Ikhbar.com: Pemerintah Provinsi (Pemprov) DKI Jakarta memprediksi puncak arus mudik Lebaran 2026 akan terjadi dua kali. Gelombang pertama diperkirakan berlangsung pada Jumat, 13 Maret 2026, sementara puncak kedua diprediksi terjadi pada Rabu, 18 Maret 2026.
Perbedaan waktu puncak mudik tersebut diperkirakan muncul karena jadwal perjalanan masyarakat tidak berlangsung bersamaan. Pelajar yang telah memasuki masa libur sekolah cenderung lebih dulu melakukan perjalanan ke kampung halaman, sedangkan pekerja biasanya berangkat beberapa hari setelahnya.
Kepala Unit Pengelola Terminal Angkutan Jalan (UPTAJ) Dinas Perhubungan DKI Jakarta, Zulkifli menjelaskan masa angkutan Lebaran tahun ini berlangsung cukup panjang. Periode layanan angkutan mudik dijadwalkan berlangsung mulai Jumat, 13 Maret 2026 hingga Minggu, 29 Maret 2026.
Dalam rentang waktu tersebut, pergerakan pemudik maupun arus balik diperkirakan tidak menumpuk dalam satu hari, melainkan terbagi ke dalam dua gelombang.
Zulkifli menyebutkan puncak mudik pertama diprediksi terjadi pada Jumat, 13 Maret 2026. Periode ini bertepatan dengan dimulainya libur sekolah sehingga banyak keluarga yang memilih berangkat lebih awal.
Baca: Menag Larang ASN Gunakan Kendaraan Dinas untuk Mudik Lebaran
“Untuk puncak mudik pertama tanggal 13 Maret karena sudah mulai libur sekolah. Kemudian puncak kedua tanggal 18 Maret yang biasanya diisi oleh para pekerja,” ujar Zulkifli, dikutip dari situs resmi Pemprov DKI Jakarta pada Jumat, 13 Maret 2026.
Gelombang kedua arus mudik diperkirakan terjadi pada Rabu, 18 Maret 2026. Pada periode tersebut, pemudik diperkirakan didominasi kalangan pekerja seperti aparatur sipil negara (ASN), pegawai Badan Usaha Milik Negara (BUMN), hingga karyawan swasta.
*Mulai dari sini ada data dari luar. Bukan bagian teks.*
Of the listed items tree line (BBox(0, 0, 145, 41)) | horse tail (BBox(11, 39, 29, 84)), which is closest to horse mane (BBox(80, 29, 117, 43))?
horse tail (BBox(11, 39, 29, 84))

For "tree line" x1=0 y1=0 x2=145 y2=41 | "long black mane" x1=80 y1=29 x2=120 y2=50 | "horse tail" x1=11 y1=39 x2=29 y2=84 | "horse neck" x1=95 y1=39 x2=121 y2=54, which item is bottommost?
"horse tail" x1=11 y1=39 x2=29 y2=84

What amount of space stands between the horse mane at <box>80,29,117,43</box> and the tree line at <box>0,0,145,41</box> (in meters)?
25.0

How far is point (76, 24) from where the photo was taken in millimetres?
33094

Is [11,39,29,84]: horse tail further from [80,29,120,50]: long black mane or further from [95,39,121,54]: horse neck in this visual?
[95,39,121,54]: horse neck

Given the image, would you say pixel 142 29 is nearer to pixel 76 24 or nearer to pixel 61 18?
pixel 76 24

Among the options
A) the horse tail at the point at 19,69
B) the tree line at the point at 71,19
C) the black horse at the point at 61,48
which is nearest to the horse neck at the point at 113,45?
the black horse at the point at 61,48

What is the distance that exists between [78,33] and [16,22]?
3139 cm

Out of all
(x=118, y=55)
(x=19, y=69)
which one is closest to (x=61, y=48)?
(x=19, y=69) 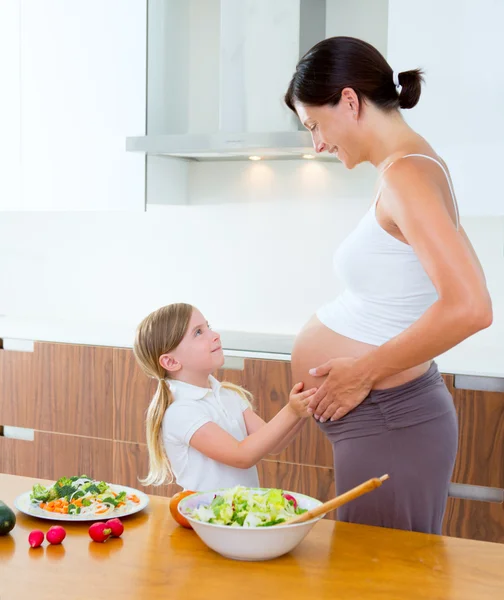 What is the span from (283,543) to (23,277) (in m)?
2.90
Pergerakan penumpang saat arus balik juga diprediksi tidak berlangsung serentak. UPTAJ memperkirakan puncak arus balik pertama terjadi pada Selasa, 24 Maret 2026.
Gelombang tersebut biasanya diisi oleh para pekerja yang harus kembali ke Jakarta untuk melanjutkan aktivitas pekerjaan.
Sementara itu, puncak arus balik kedua diperkirakan berlangsung pada Sabtu, 28 Maret 2026. Periode ini umumnya diikuti oleh para pelajar yang kembali setelah masa libur berakhir.
“Untuk tanggal 24 Maret biasanya para pegawai sudah mulai kembali bekerja. Sedangkan tanggal 28 atau 29 biasanya para pelajar yang kembali karena posko angkutan Lebaran ditutup pada 29 Maret,” katanya.
Pembagian dua tahap pada arus mudik dan arus balik tersebut merupakan bagian dari strategi pengaturan mobilitas penumpang selama masa angkutan Lebaran.
“Strategi ini diharapkan mampu mengurai kepadatan pemudik sehingga tidak terpusat pada satu hari tertentu. Bayangkan jika antara anak sekolah dan para pekerja disamakan maka akan lebih membludak lagi, akan jauh lebih padat,” jelasnya.
Untuk mengantisipasi lonjakan penumpang selama periode mudik Lebaran 2026, Pemprov DKI Jakarta menyiapkan enam terminal yang akan beroperasi selama masa angkutan Lebaran.
Tiga terminal utama yang disiapkan meliputi Terminal Kampung Rambutan, Terminal Kalideres, dan Terminal Tanjung Priok.
Selain itu, disiapkan pula tiga terminal bantuan yang akan digunakan apabila terjadi peningkatan jumlah penumpang di terminal utama, yakni Terminal Lebak Bulus, Terminal Muara Angke, dan Terminal Grogol.
Zulkifli menambahkan, di Jakarta sebenarnya terdapat tujuh terminal utama. Namun tidak seluruhnya berada di bawah pengelolaan UPTAJ. Salah satunya adalah Terminal Terpadu Pulogebang yang memiliki sistem pengelolaan tersendiri sehingga tidak termasuk dalam skema terminal yang disiapkan oleh UPTAJ.
“Terminal bantuan ini disiapkan apabila terminal utama mengalami kepadatan penumpang,” ujar Zulkifli.